Don't know about Remeron, but many of these meds make liquid forms for slow tapering.
Thank you Paxiled for your reply. I have done major research (as persons with GAD often do) and decided to taper. The last 2 nights I took 7.5 and will continue that for a week, but not sure about tapering the next weeks to follow? The 15 mg pills are so tiny to begin with- how do I cut them when it gets down to 1/4 of a tab and so on? I am not about to waste money on a scale. I will probably just wing it when it gets to that point. I hate this- I keep waiting for any type of withdrawal symptom to happen. Do you have any advice on splitting the tabs once I get to the small amounts? Thanks in advance. ;)
The internet isn't a bad place to do research if you know what you're looking for; it's a bad place to hunt for what symptoms mean. You can find good books on how to go off medications and articles on the net that have nothing to do with horror stories or artificially optimistic stories. In my research and experience, I can tell you that the first doc knows nothing about drugs at all, and this is common; the second is giving you a one size fits all recipe that many psychiatrists use, the every other day scenario. Sometimes that works, sometimes it doesn't. My research indicates the best way is the one that fits you, and to taper off slowly just in case it's bad -- and it might be the easiest thing you ever did. Remeron isn't one of the worst, by the way. I'm not comfortable with the very other day formula because why go through withdrawal every other day if you're one of those people who has a bad time? Why not go down very slowly by the week until you're down to nothing? The truth is, doctors in general want to do what requires them to spend the least amount of time monitoring you -- they have a lot of patients, and don't want to be called after hours any more than anyone else does. So you have to make some decisions on your own, and I would do whatever seems the safest and easiest, which is to go down gradually over time depending on how easy or hard it proves to be for you, not for some generalized artificial statistic.
Thanks for your response.

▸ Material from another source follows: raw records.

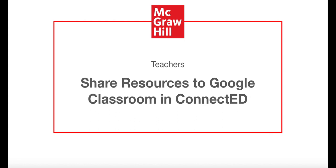In this video, we're going to walk through how teachers can share resources to Google Classroom from anywhere an asset can be assigned in ConnectEd.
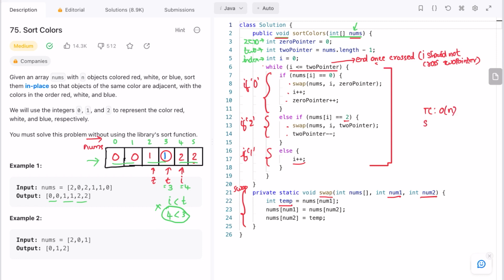The time complexity of this approach is O(n) and the space complexity is O(1) because we are not using any extra space. That's it guys, thank you for watching and I'll see you in the next one.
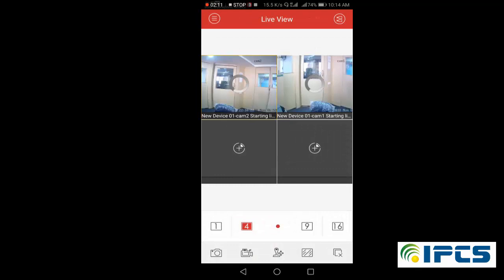Now you can view the visuals of your camera anywhere in the world through the internet. Well, that's all for today. Keep watching, click on the subscribe button, and press the bell icon for more videos.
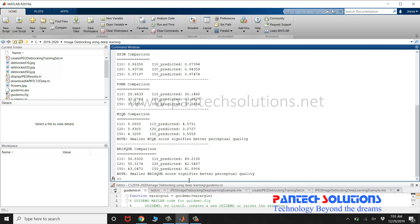If you would like to buy the source code or if you want to modify the source code, you can reach us by clicking the link in the description box. Else, you can send a message to the WhatsApp number. Thank you.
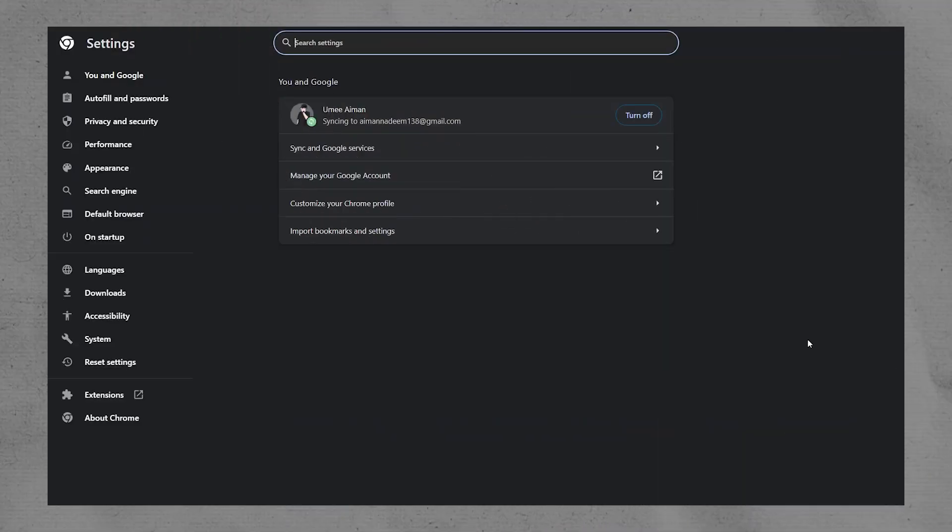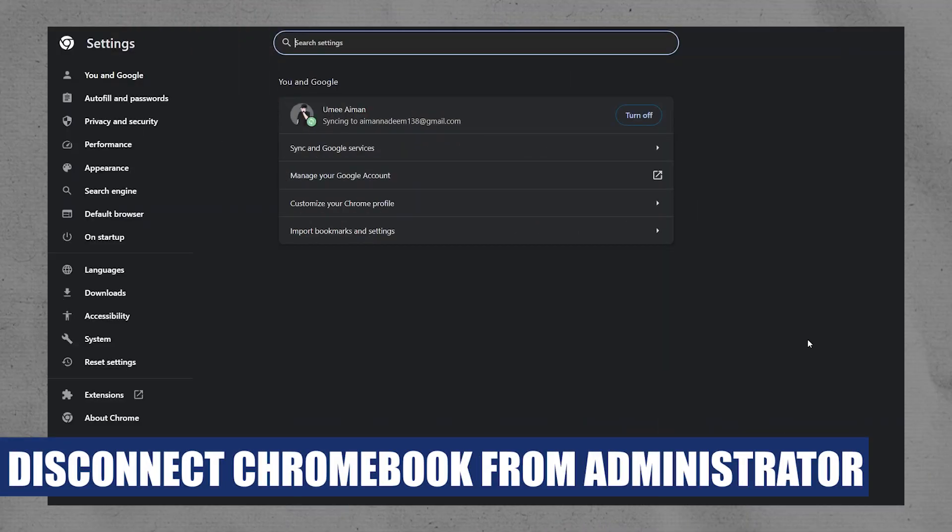Hey everyone, I'm Bryce and today I'm going to explain how to disconnect a Chromebook from the administrator.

I do not have a psychiatrist. It was prescribed from my GP. I am also on Zoloft. I know one should NOT search the internet for answers because I have read so many negative things about people coming off it. I also had 2 dr.'s on here give 2 different answers. One said to just stop and I will be fine, and the other said to take a dose every other night for a week than every third night for a week- finally just stop. I have tapered off Zoloft before and was fine, but this drug scares me to come off of.
Any medication should be tapered at the specific rate that a person's psychiatrist decides. Your psychiatrist would give you a titration schedule that should be followed. Most likely they would tell you to stop and wait if withdrawal symptoms start to occur or worsen. Also they would work with you if they agree or have recommended that this medication should be discontinued as to what other medication would replace it. You can discuss this more with them and they could make clinically specific decisions as to how to proceed. Anti-depressants in this class generally have a slow titration rate but you can ask your psychiatrist more about this.